Material provided below:
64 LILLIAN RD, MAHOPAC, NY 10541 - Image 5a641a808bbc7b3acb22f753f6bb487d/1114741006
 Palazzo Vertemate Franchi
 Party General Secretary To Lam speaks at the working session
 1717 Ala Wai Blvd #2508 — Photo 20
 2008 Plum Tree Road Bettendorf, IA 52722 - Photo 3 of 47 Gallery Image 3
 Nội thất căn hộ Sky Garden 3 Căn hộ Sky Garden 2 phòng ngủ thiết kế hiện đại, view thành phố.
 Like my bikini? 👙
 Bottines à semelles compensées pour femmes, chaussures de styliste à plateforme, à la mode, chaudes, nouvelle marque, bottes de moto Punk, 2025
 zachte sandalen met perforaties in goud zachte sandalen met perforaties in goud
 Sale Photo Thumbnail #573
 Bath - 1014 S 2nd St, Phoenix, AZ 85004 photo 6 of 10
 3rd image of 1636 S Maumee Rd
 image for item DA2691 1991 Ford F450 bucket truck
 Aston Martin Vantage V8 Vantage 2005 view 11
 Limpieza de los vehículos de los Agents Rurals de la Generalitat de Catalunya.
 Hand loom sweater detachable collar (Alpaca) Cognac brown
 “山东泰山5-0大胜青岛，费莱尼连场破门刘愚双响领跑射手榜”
End of Material provided.
-- Exercise goal --
The records above are to be copied in full, exactly as written.

-- Answer --
64 LILLIAN RD, MAHOPAC, NY 10541 - Image 5a641a808bbc7b3acb22f753f6bb487d/1114741006
 Palazzo Vertemate Franchi
 Party General Secretary To Lam speaks at the working session
 1717 Ala Wai Blvd #2508 — Photo 20
 2008 Plum Tree Road Bettendorf, IA 52722 - Photo 3 of 47 Gallery Image 3
 Nội thất căn hộ Sky Garden 3 Căn hộ Sky Garden 2 phòng ngủ thiết kế hiện đại, view thành phố.
 Like my bikini? 👙
 Bottines à semelles compensées pour femmes, chaussures de styliste à plateforme, à la mode, chaudes, nouvelle marque, bottes de moto Punk, 2025
 zachte sandalen met perforaties in goud zachte sandalen met perforaties in goud
 Sale Photo Thumbnail #573
 Bath - 1014 S 2nd St, Phoenix, AZ 85004 photo 6 of 10
 3rd image of 1636 S Maumee Rd
 image for item DA2691 1991 Ford F450 bucket truck
 Aston Martin Vantage V8 Vantage 2005 view 11
 Limpieza de los vehículos de los Agents Rurals de la Generalitat de Catalunya.
 Hand loom sweater detachable collar (Alpaca) Cognac brown
 “山东泰山5-0大胜青岛，费莱尼连场破门刘愚双响领跑射手榜”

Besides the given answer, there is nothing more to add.